Too Bearish To Imagine


A short press release today reads:  “China as early as next year could end its corn stockpiling program, an analyst with private firm Shanghai JC Intelligence Co. told Reuters. The stockpiling policy has inflated domestic prices, caused increased imports and resulted in a bulging inventory of older corn supplies in state-owned reserves. An official with a Chinese state-run think-tank told Reuters the government is “under huge pressure” to change its corn policy as it’s distorting domestic supply/demand balance.”  One can delete the word corn and add cotton, and have the same story.  Lets not be surprised if down the road China unwravels the cotton monster.

The Indian monsoon is forecast to make a more prominent appearance in about 10 days.  So far its performance has been lacking.  If one split India with a north-south vertical line, the western half is where most of the cotton is grown.  Rainfall has been deficient in the northwest.  India’s production has grown so much over the last decade that it could conceivably lose 10% from normal, or around 2.5 to 3.0 Mb.  This is ironically about the same amount of cotton that Texas is likely to gain due to almost perfect weather.  Table below shows our estimates by district of Texas yields.  Enjoy.

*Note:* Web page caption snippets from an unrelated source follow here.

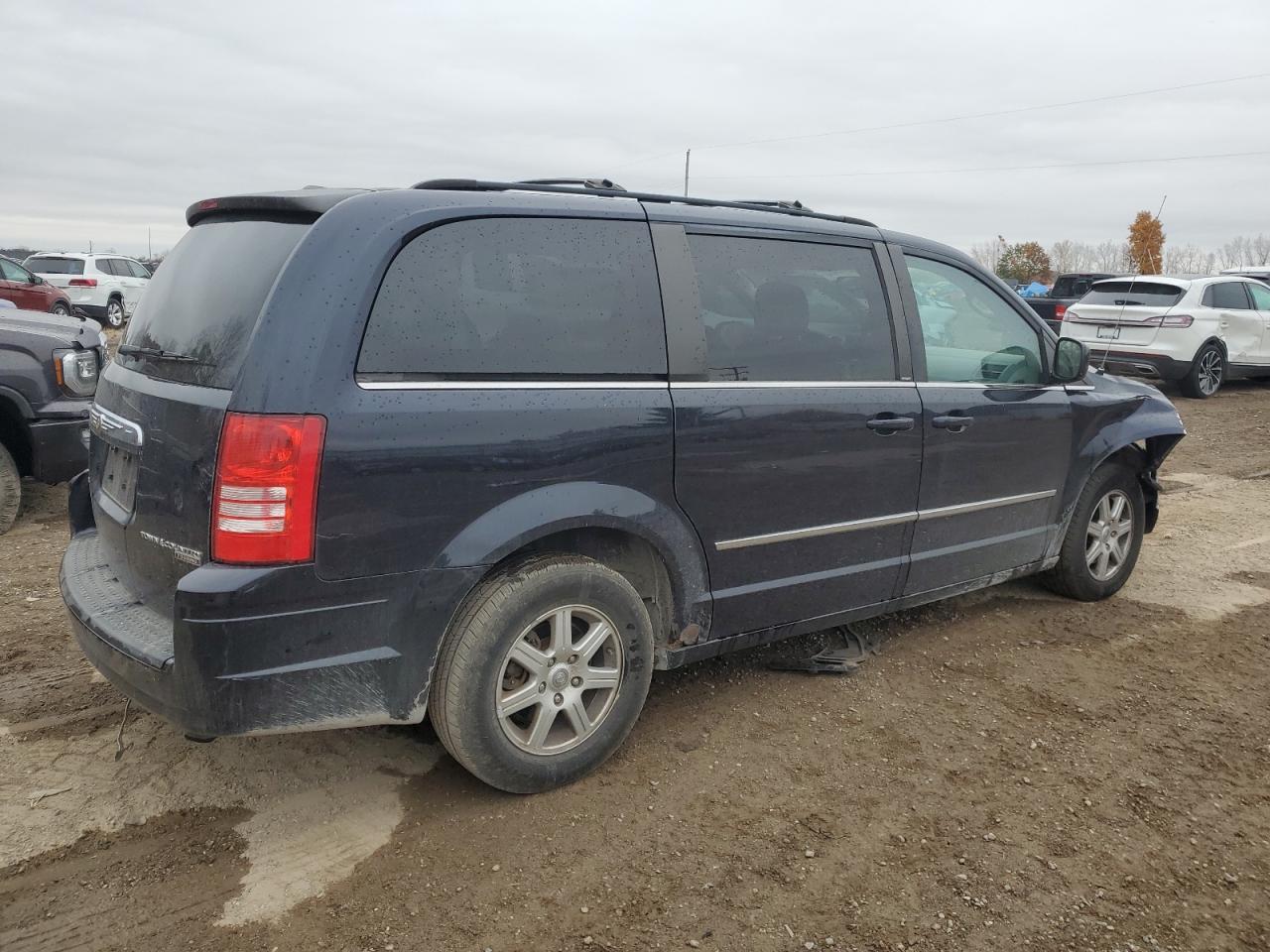 Lot #2952936771 2010 CHRYSLER TOWN & COU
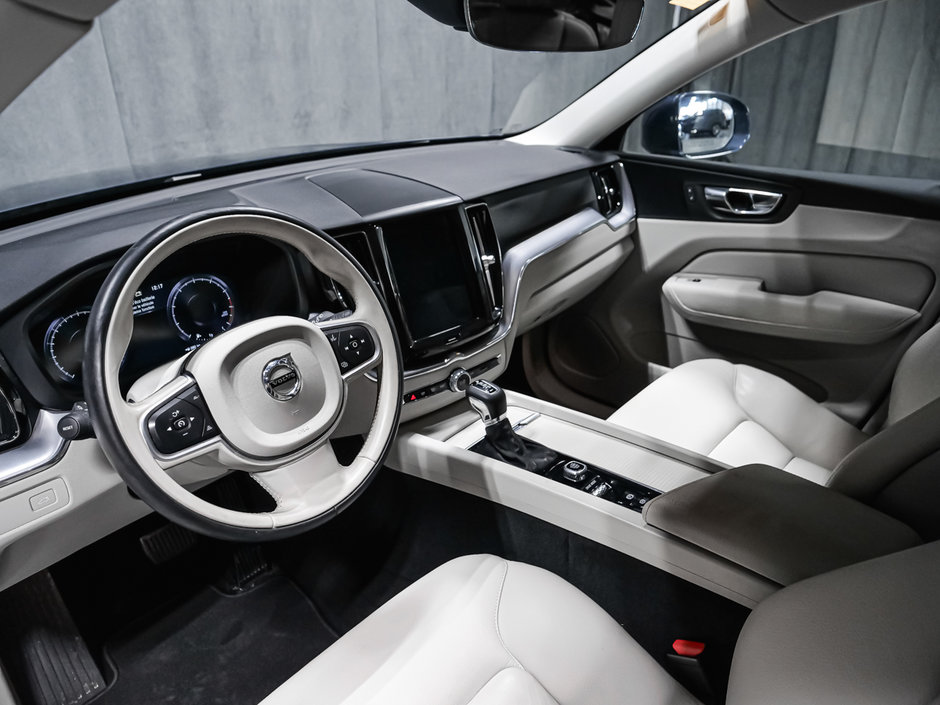 Volvo XC60 T6 MOMENTUM CONVENIENCE CLIMATE VISION 2019-11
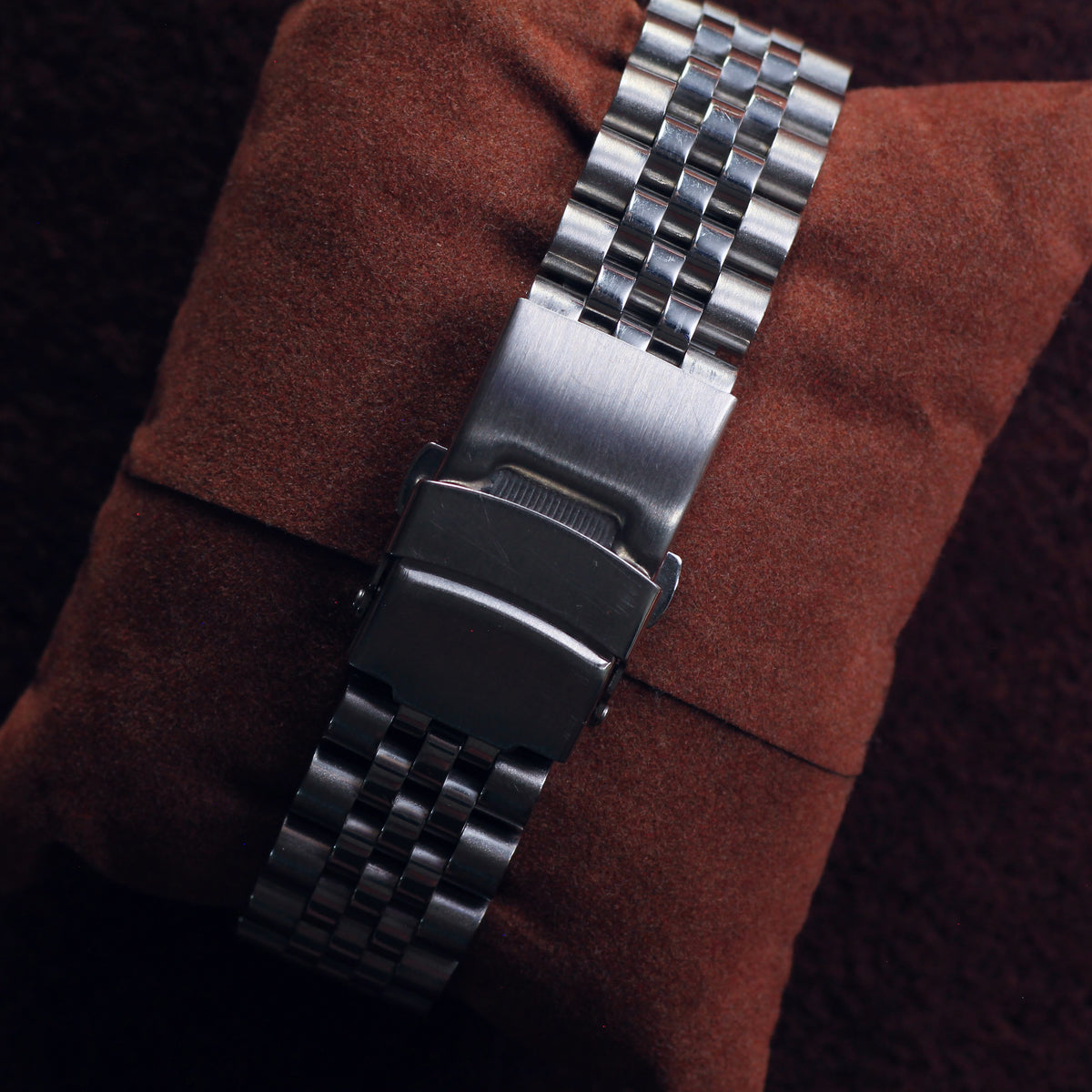 Neo-Vintage Seiko 5 Automatic Mens Watch - 7S26-01V0 - 2001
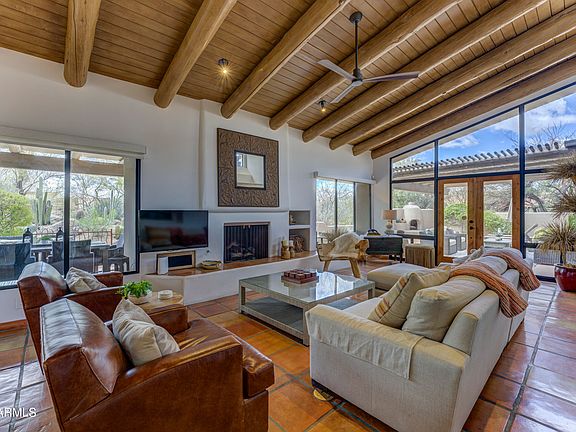 3rd image of 9231 E WHITETHORN Circle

                                                Varner View

If China simply ceased stockpiling corn, cotton and other commodities, then it would be easy to figure out how much they would import.  A guess of the China cotton production is at 30 Mb, and they use 38 Mb, so they would theoretically import 8 Mb.  The US would come in for at most half that figure.  The USDA estimates that China will import exactly that amount, so the bureaucrats are doing the same simple math we are.  But what is left unsaid is what happens to the massive inventories of reserve commodities?  That’s where the wild cards are, and if China does decide to gradually empty the warehouses, then figuring out what the price will be is a whole different matter than just assuming the inventories stay as they are.  If China sells nothing from reserves, we think price tests the mid 60s.  If they sell off reserves, it’s a different ballgame.




The Dec continuous is attempting to fill a gap left from the roll of Dec 12 to Dec 13, right at 7200.  Momentum is extremely low, so expect a consolidation or small bounce.  Seasonals are negative.  Sell rallies of 2-3 days.